## Task to complete
Scan the records below for the line with "Set Teras 2" and the line with "Colors, colorful, girl, woman, beautiful, colours, bokeh, female", and retype that range exactly, both ends included, pictures excepted.

## Working data
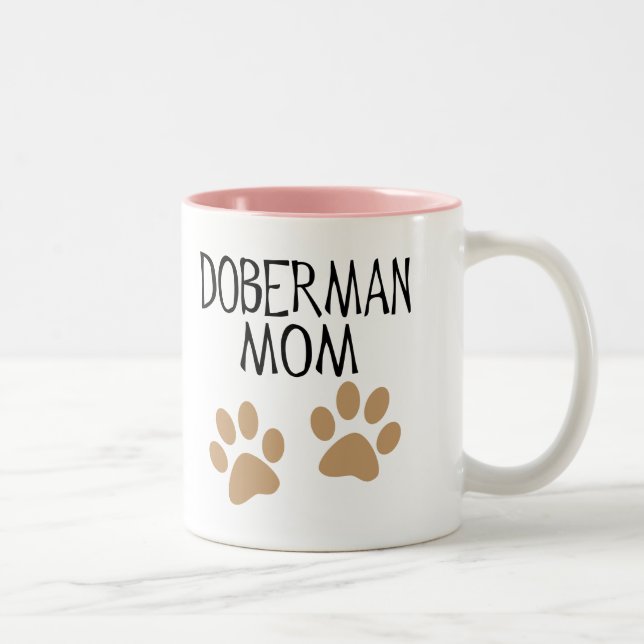 Caneca De Café Em Dois Tons Mamã grande do Doberman das patas (Direita)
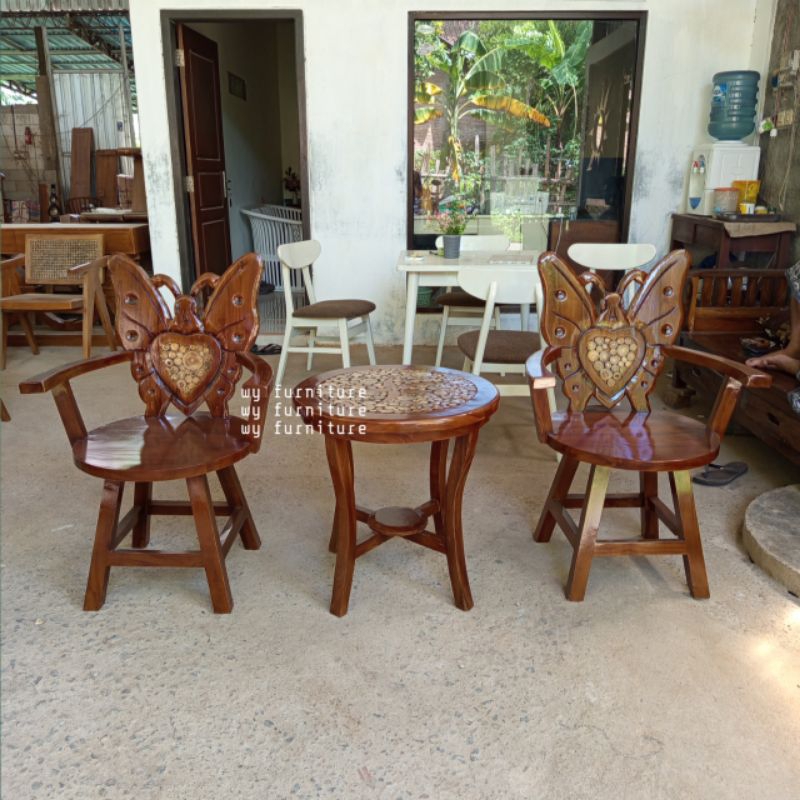 Set Teras 2 kursi 1 Meja kayu jati, kursi teras kupu - kupu kayu jati, kursi cafe kayu jati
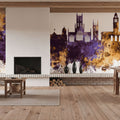 Kingston Upon Hull England Skyline Purple & Gold Mural Wallpaper - room preview 05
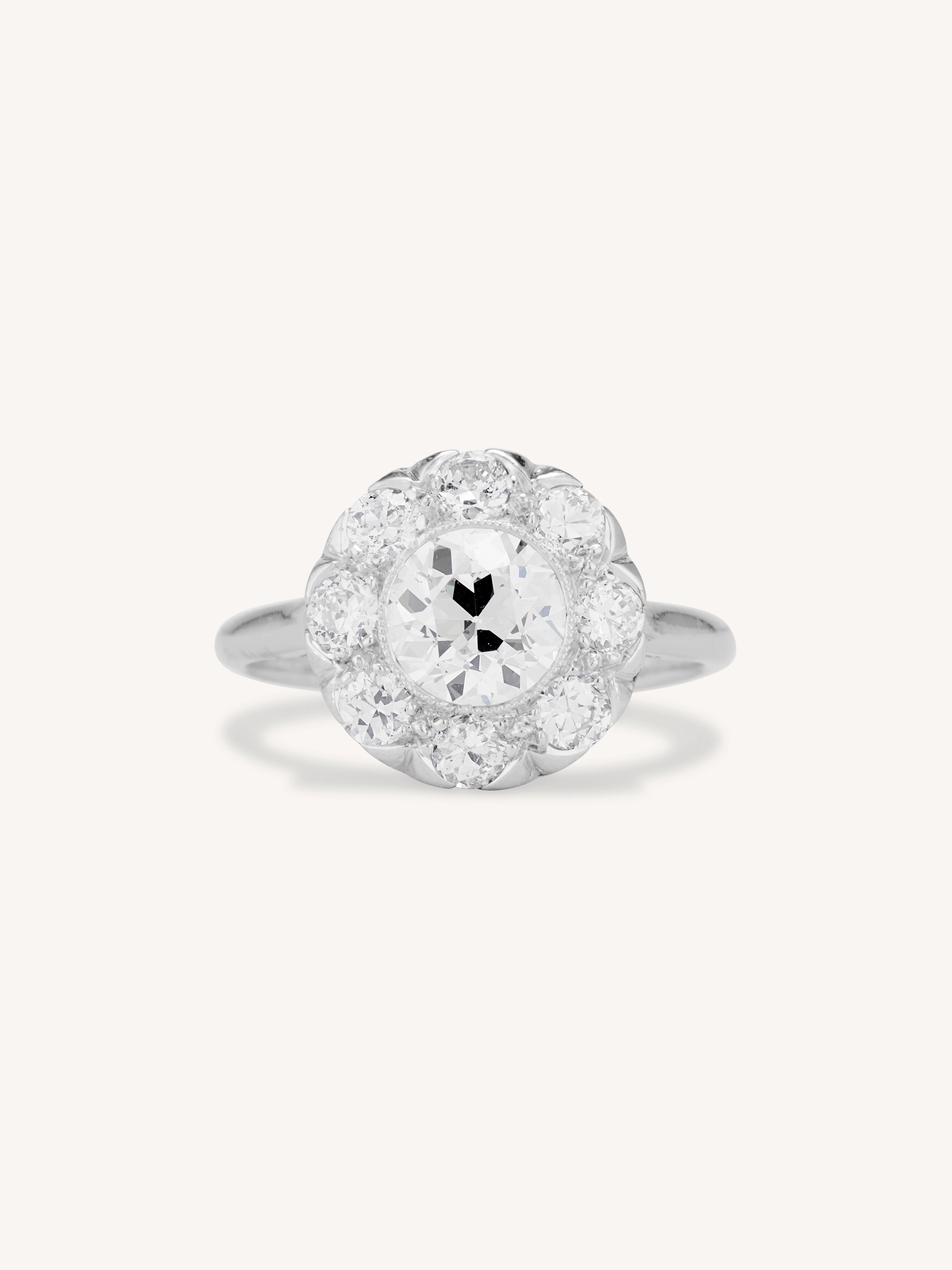 Late Art Deco 1.36 Carat Transitional Cut Diamond Cluster Vintage Engagement Ring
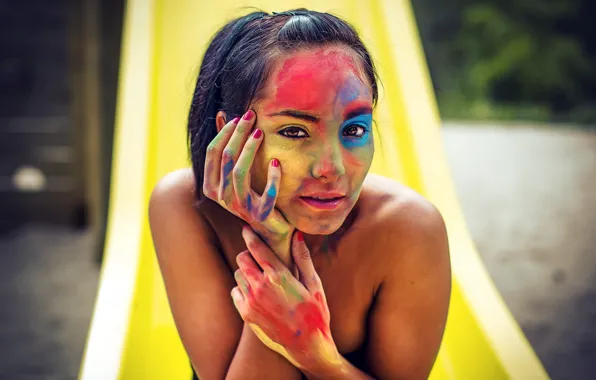 Colors, colorful, girl, woman, beautiful, colours, bokeh, female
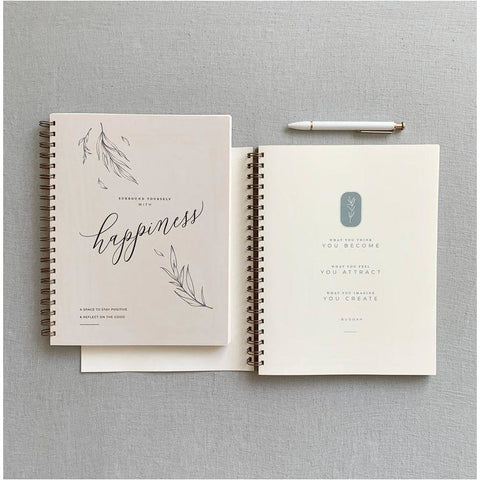 Surround Yourself with Happiness Journal // A space to stay positive and reflect on the good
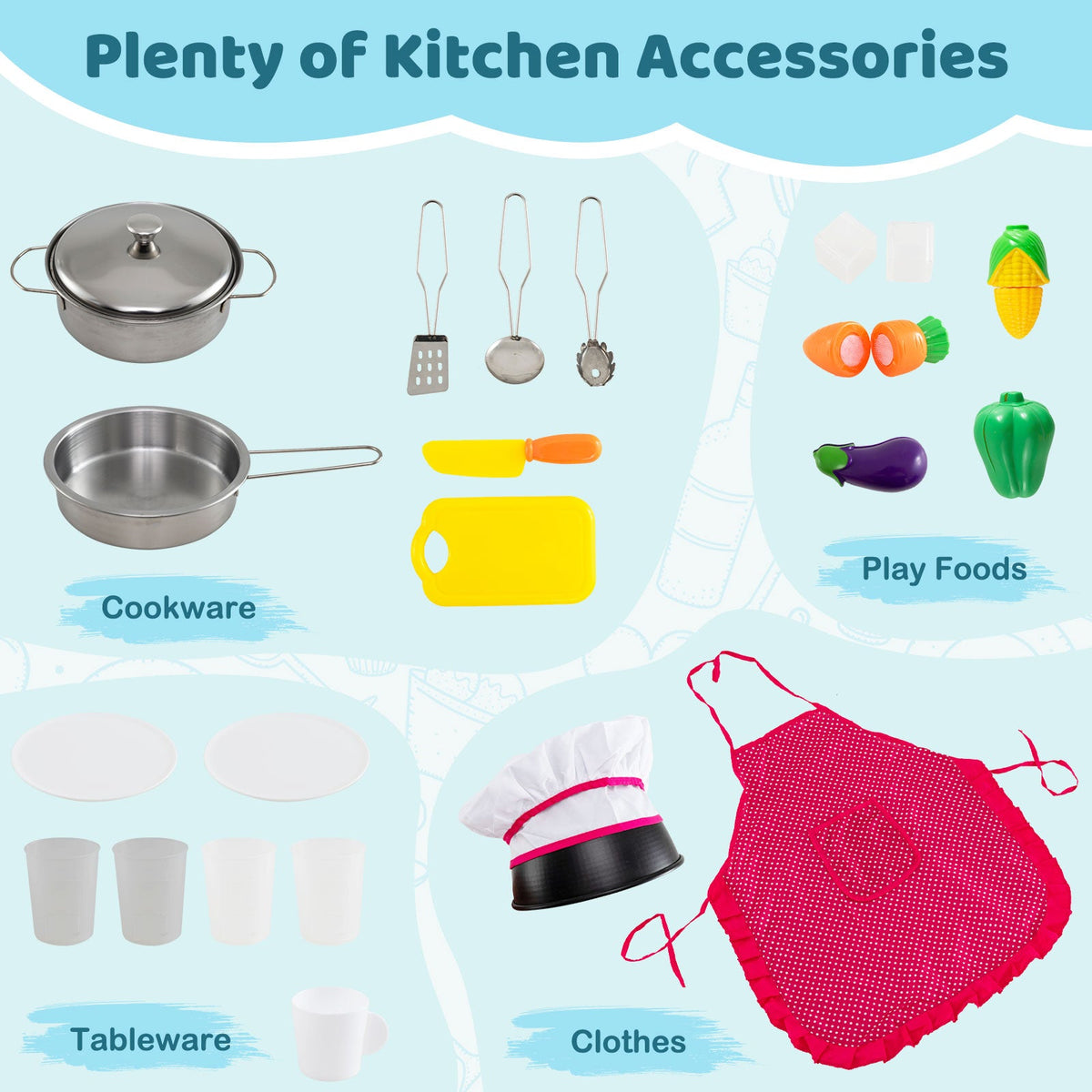 Wooden Kitchen Playset with Lights and Sounds including cookware and utensils for ages 3+ on Tampa Home & Garden Store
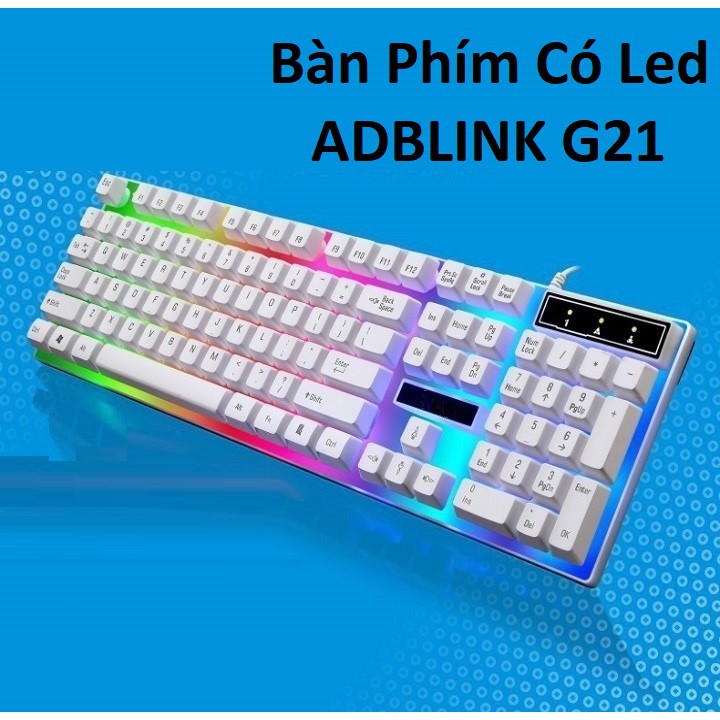 Bộ Bàn Phím kèm Chuột G21 ADBLink Có LED Giả Cơ , Chơi Game ( Màu Trắng )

## Problem solution
 Set Teras 2 kursi 1 Meja kayu jati, kursi teras kupu - kupu kayu jati, kursi cafe kayu jati
 Kingston Upon Hull England Skyline Purple & Gold Mural Wallpaper - room preview 05
 Late Art Deco 1.36 Carat Transitional Cut Diamond Cluster Vintage Engagement Ring
 Colors, colorful, girl, woman, beautiful, colours, bokeh, female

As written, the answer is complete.